• Exercise brief:
Excluding pictures, retype exactly the lines from the one with "Grayson Chesser –" through the end of the records that follow.

• Provided information:

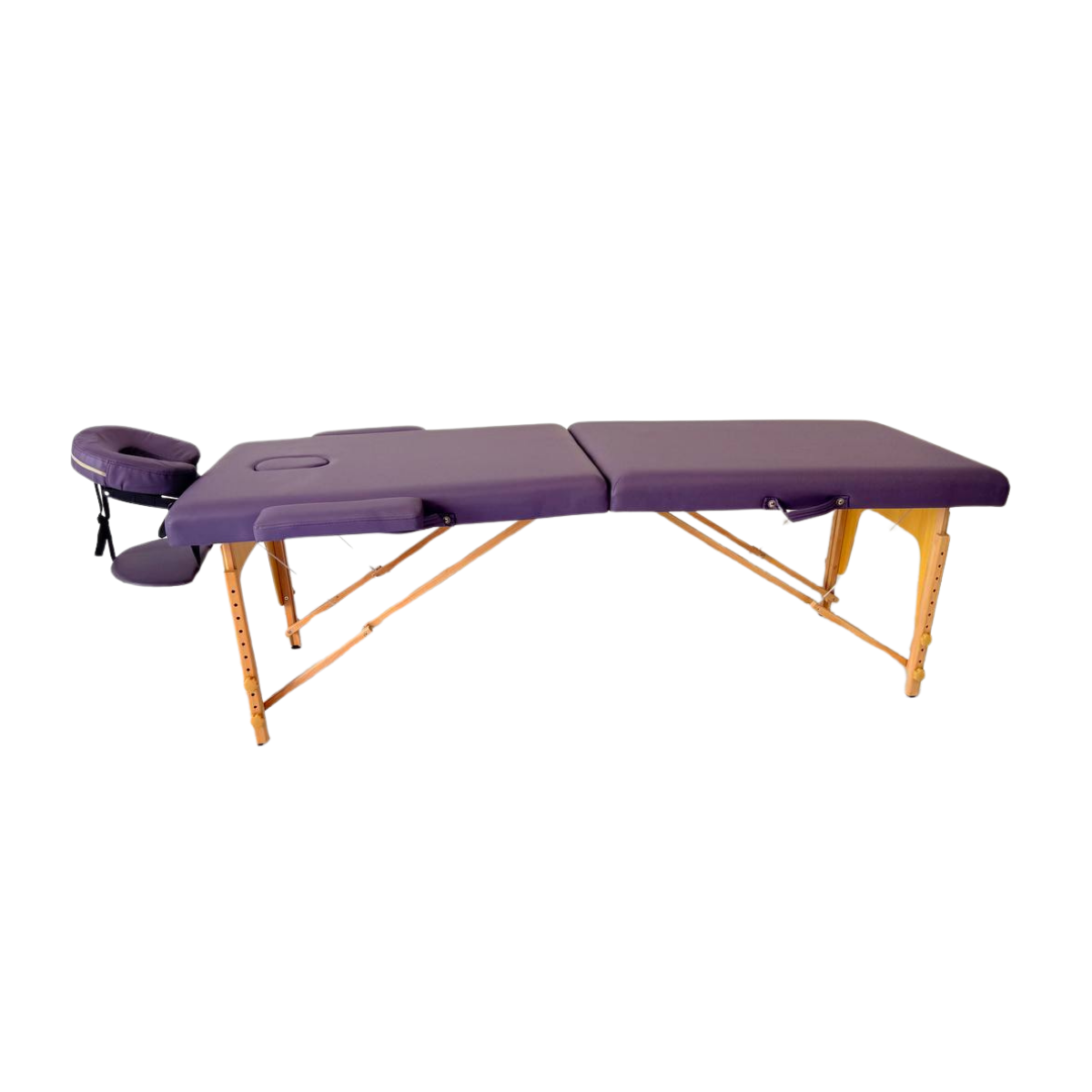 Masă de masaj lemn, 2 secțiuni, 65cm Verde / Violet Aprins / Sur /Violet. - imaginea 17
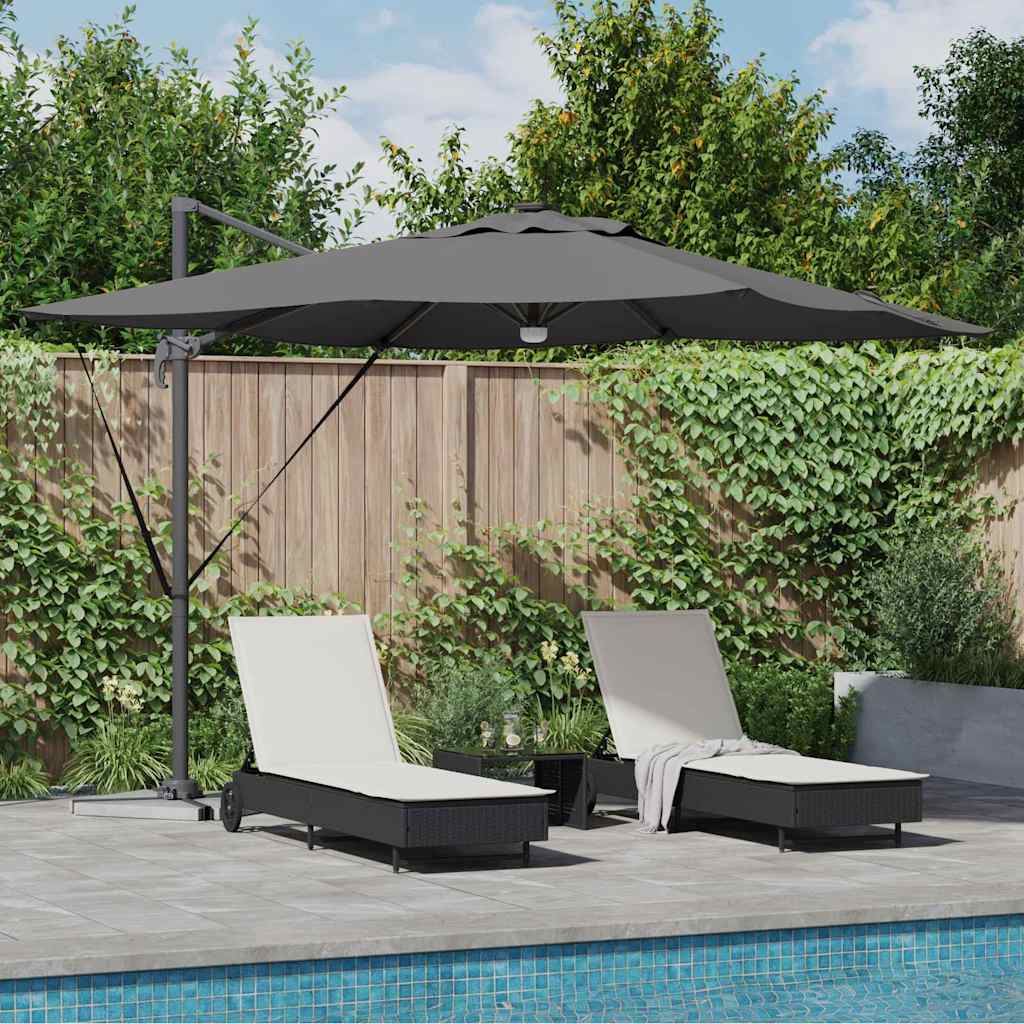 Vidaxl roma Ombrellone con strisce LED antracite 286 x 284 x 270 cm
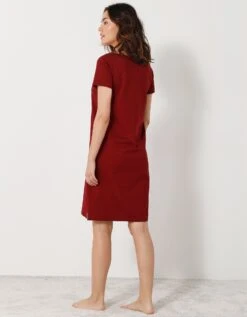 Chemise De Nuit Courtes Manches Courtes Motif «papillons» -Célèbre Lingerie Magasin 703280 C01 zoomx vue6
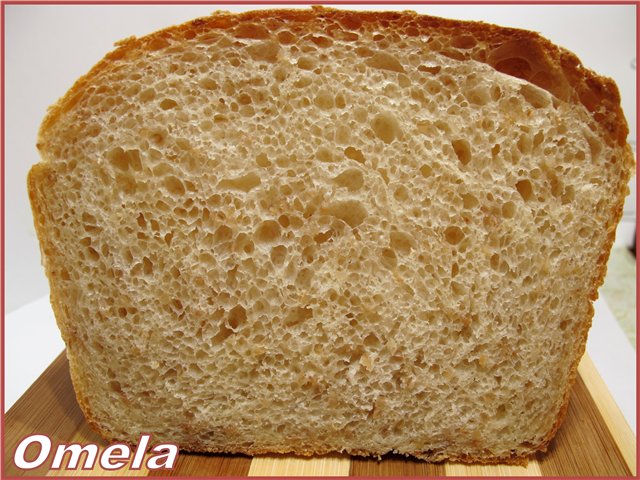 Wheat bread with grains (in the oven)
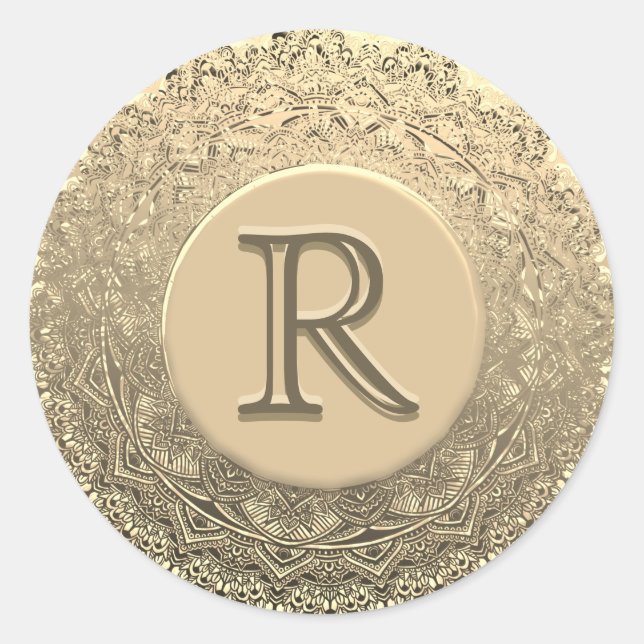 Sticker Rond Sceau monographique personnalisable (Devant)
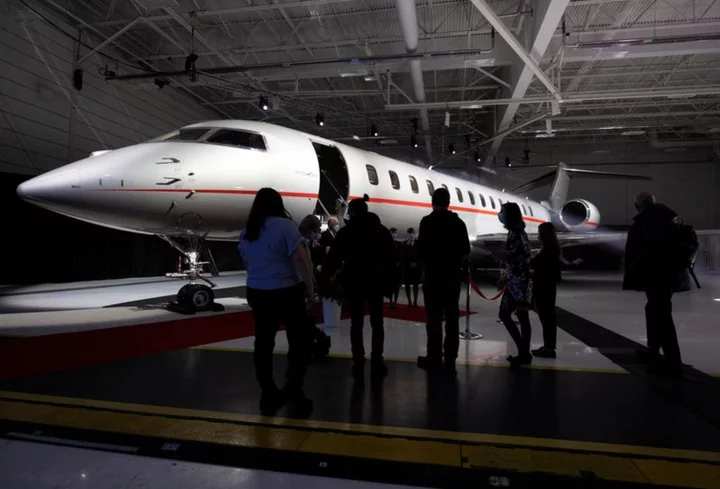 Bombardier reports quarterly profit on demand for business jets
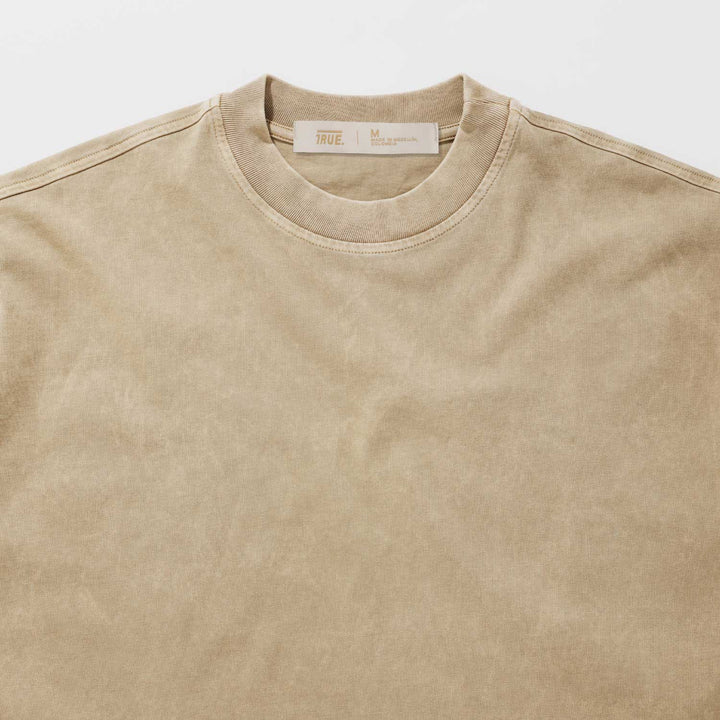 Washed Oversized Tee - Camel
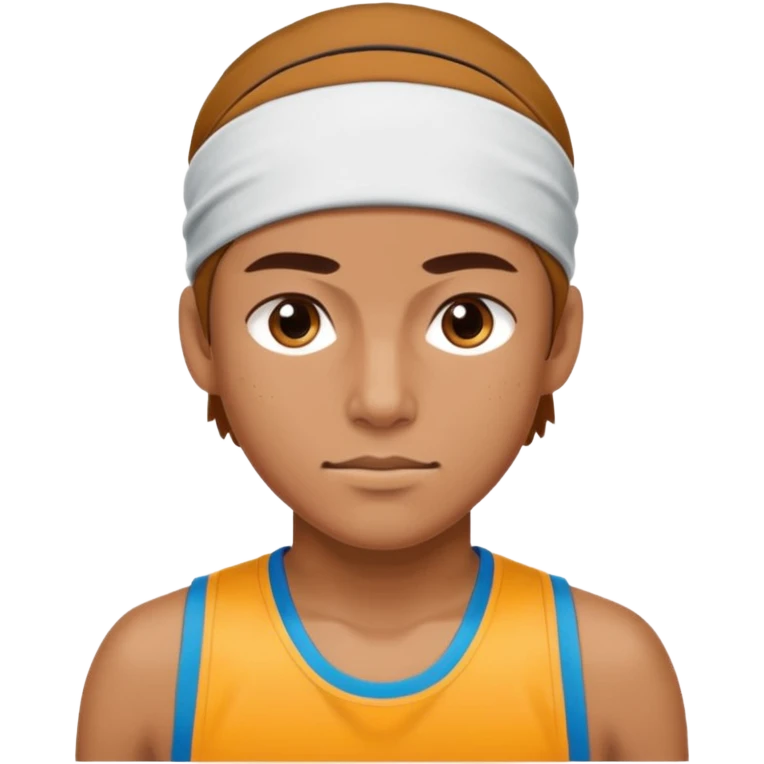 runner with sweatband emoji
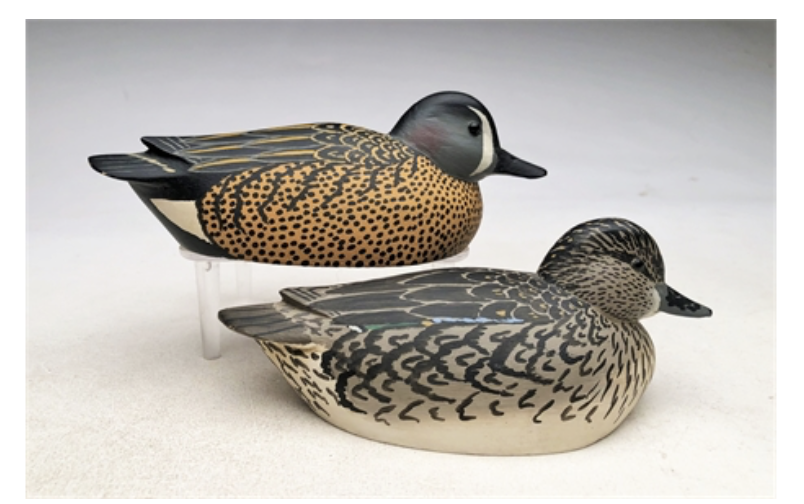 Grayson Chesser – Pair of Miniature Blue-winged Teal – 2020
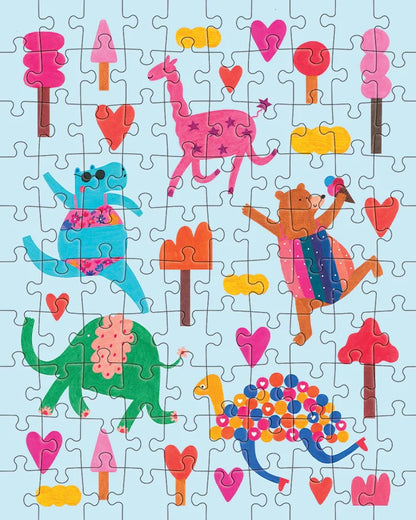 Jiggy Junior 100pc Puzzle - Dancing Animals by Archita Khosla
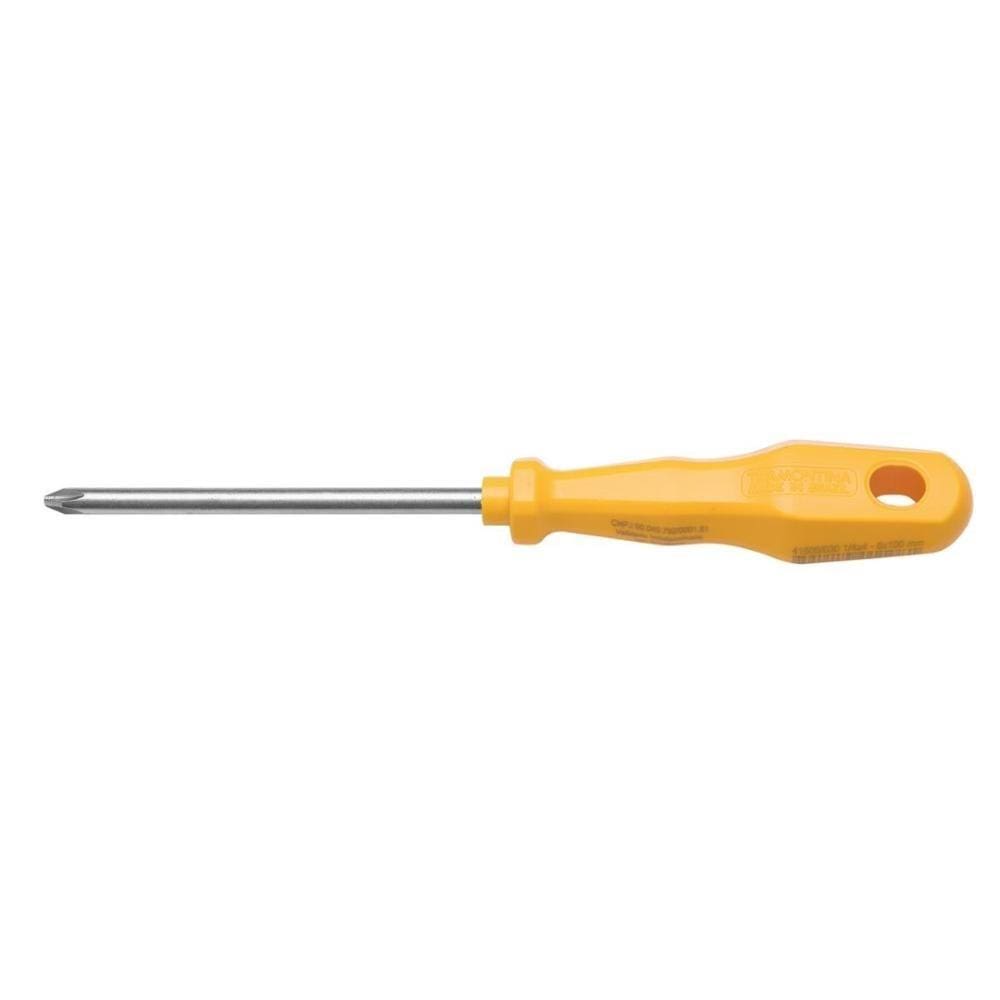 Chave de Fenda com Ponta Cruzada Tramontina Yellow 1/4x4``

• Problem solution:
 Grayson Chesser – Pair of Miniature Blue-winged Teal – 2020
 Jiggy Junior 100pc Puzzle - Dancing Animals by Archita Khosla
 Chave de Fenda com Ponta Cruzada Tramontina Yellow 1/4x4``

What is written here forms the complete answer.